Example of incorrect usage:

# First conversion with chunk_lm=1024
config1 = ConversionConfig(
    input_dir=Path("/path/to/batch1"),
    output_dir=Path("/path/to/output"),
    zarr_name="observations.zarr",
    chunk_lm=1024,  # 1024×1024 tiles
)
converter1 = FITSToZarrConverter(config1)
converter1.convert()

# WRONG: Appending with different chunk_lm
config2 = ConversionConfig(
    input_dir=Path("/path/to/batch2"),
    output_dir=Path("/path/to/output"),
    zarr_name="observations.zarr",
    chunk_lm=2048,  # ❌ Different chunk size - will corrupt store!
    rebuild=False,
)
converter2 = FITSToZarrConverter(config2)
converter2.convert()  # DANGER: Store now has inconsistent chunks

Correct usage:

# First conversion with chunk_lm=1024
config1 = ConversionConfig(
    input_dir=Path("/path/to/batch1"),
    output_dir=Path("/path/to/output"),
    zarr_name="observations.zarr",
    chunk_lm=1024,
)
converter1 = FITSToZarrConverter(config1)
converter1.convert()

# Correct: Append with same chunk_lm
config2 = ConversionConfig(
    input_dir=Path("/path/to/batch2"),
    output_dir=Path("/path/to/output"),
    zarr_name="observations.zarr",
    chunk_lm=1024,  # ✓ Same chunk size as original
    rebuild=False,
)
converter2 = FITSToZarrConverter(config2)
converter2.convert()  # Safe: Chunk shapes remain consistent

If you need to change chunk_lm, use rebuild=True to overwrite the store completely rather than appending.

Inspecting Chunk Metadata¶

After conversion, verify the chunk configuration by inspecting Zarr metadata files.
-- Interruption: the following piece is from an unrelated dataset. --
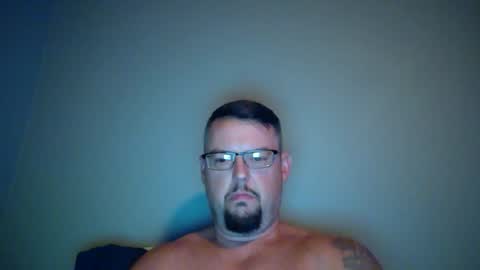 bowtieguy84 online show from June 18, 2:45 am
Each Zarr array has a .zarray JSON file containing chunk shape, dtype, and compressor settings.

Reading .zarray directly:

import json
from pathlib import Path

# Path to the Zarr store
store_path = Path("observations.zarr")

# Read metadata for the SKY data variable
meta = json.loads((store_path / "SKY" / ".zarray").read_text())

print(f"Chunk shape: {meta['chunks']}")
print(f"Compressor: {meta['compressor']}")
print(f"Dtype: {meta['dtype']}")
print(f"Array shape: {meta['shape']}")

Example output:

Chunk shape: [1, 1, 1, 1024, 1024]
Compressor: {'id': 'blosc', 'cname': 'lz4', 'clevel': 5, 'shuffle': 1}
Dtype: <f4
Array shape: [10, 48, 2, 4096, 4096]

This output confirms that:

Spatial dimensions (l, m) are chunked as 1024×1024 tiles
Time, frequency, and polarization have chunk size 1
Data type is float32 (<f4)
Blosc compressor with lz4 codec is active
Array has 10 time steps, 48 frequency channels, and 2 polarizations (typical OVRO-LWA observations use 1 polarization)

Programmatic inspection with zarr:

import zarr

# Open the Zarr store
store = zarr.open("observations.zarr", mode="r")

# Access the SKY array
sky = store["SKY"]

print(f"Chunk shape: {sky.chunks}")
print(f"Compressor: {sky.compressor}")
print(f"Dtype: {sky.dtype}")
print(f"Shape: {sky.shape}")
print(f"Number of chunks: {sky.nchunks}")

Calculating compressed chunk sizes:

To measure actual storage footprint, inspect the chunk files on disk:

from pathlib import Path

# Path to a specific chunk file (e.g., time=0, freq=0, pol=0, l-tile=0, m-tile=0)
chunk_file = Path("observations.zarr/SKY/0.0.0.0.0")

if chunk_file.exists():
    compressed_size = chunk_file.stat().st_size
    print(f"Compressed chunk size: {compressed_size / 1024:.1f} KB")
else:
    print("Chunk file not found")

For cloud storage (S3, OSN), use the storage provider's CLI to inspect object sizes:

# AWS S3
aws s3 ls s3://bucket/observations.zarr/SKY/ --recursive --human-readable | head -20

# OSN (via s3cmd)
s3cmd ls s3://bucket/observations.zarr/SKY/ --recursive | head -20

Verifying chunk alignment: To ensure chunk shapes match your expectations, compare the .zarray metadata across different data variables (SKY, BEAM) and verify consistency:

import json
from pathlib import Path

store_path = Path("observations.zarr")

for var_name in ["SKY", "BEAM"]:
    var_path = store_path / var_name / ".zarray"
    if var_path.exists():
        meta = json.loads(var_path.read_text())
        print(f"{var_name}: chunks = {meta['chunks']}")

All data variables should report identical chunk shapes if they share the same dimensions. Mismatched chunks indicate a configuration error during conversion.